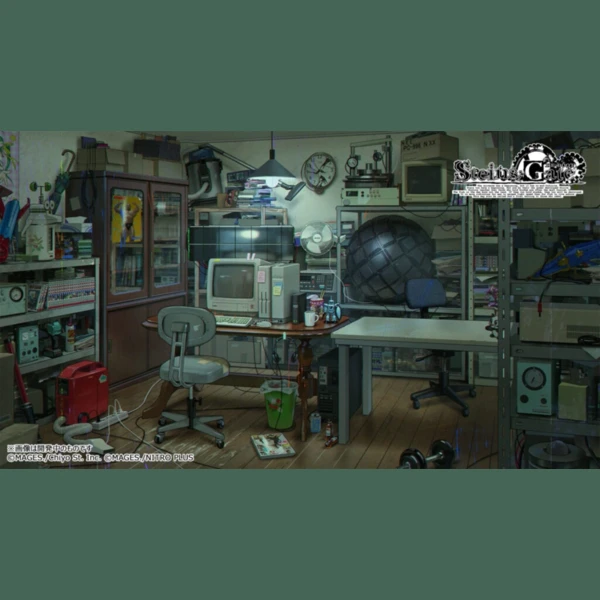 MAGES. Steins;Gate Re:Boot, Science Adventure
---
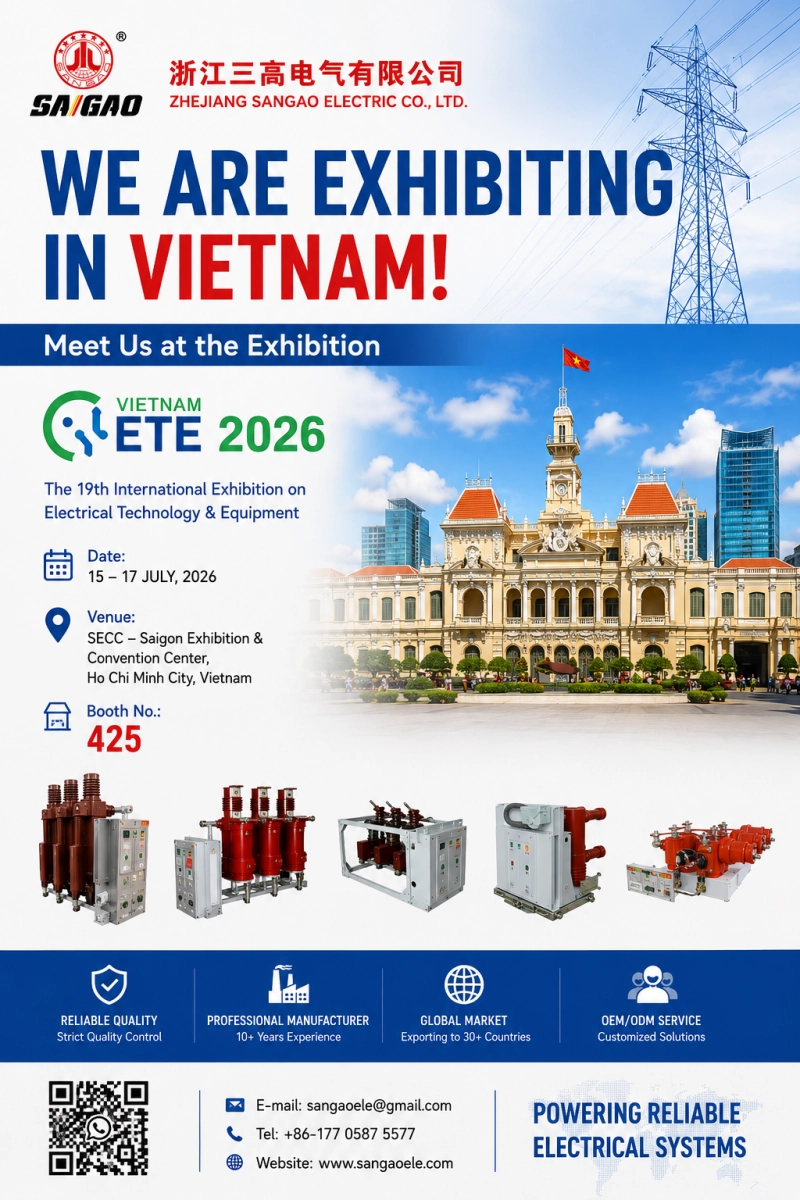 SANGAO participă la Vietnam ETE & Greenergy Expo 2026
--
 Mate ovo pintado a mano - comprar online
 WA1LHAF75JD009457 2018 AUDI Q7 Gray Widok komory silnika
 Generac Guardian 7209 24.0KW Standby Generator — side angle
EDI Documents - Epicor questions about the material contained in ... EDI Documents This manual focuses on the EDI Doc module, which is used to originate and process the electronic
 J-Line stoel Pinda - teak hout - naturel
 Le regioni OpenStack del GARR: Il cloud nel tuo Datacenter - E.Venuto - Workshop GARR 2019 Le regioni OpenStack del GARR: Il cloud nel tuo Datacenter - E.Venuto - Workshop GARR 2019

**EXERCISE DESCRIPTION:**
A verbatim transcription is needed of the lines above, starting at the line with "Mate ovo pintado a mano - comprar online" and ending at the line with "J-Line stoel Pinda - teak hout - naturel", both included, and of nothing else.

**ANSWER SPACE:**
 Mate ovo pintado a mano - comprar online
 WA1LHAF75JD009457 2018 AUDI Q7 Gray Widok komory silnika
 Generac Guardian 7209 24.0KW Standby Generator — side angle
EDI Documents - Epicor questions about the material contained in ... EDI Documents This manual focuses on the EDI Doc module, which is used to originate and process the electronic
 J-Line stoel Pinda - teak hout - naturel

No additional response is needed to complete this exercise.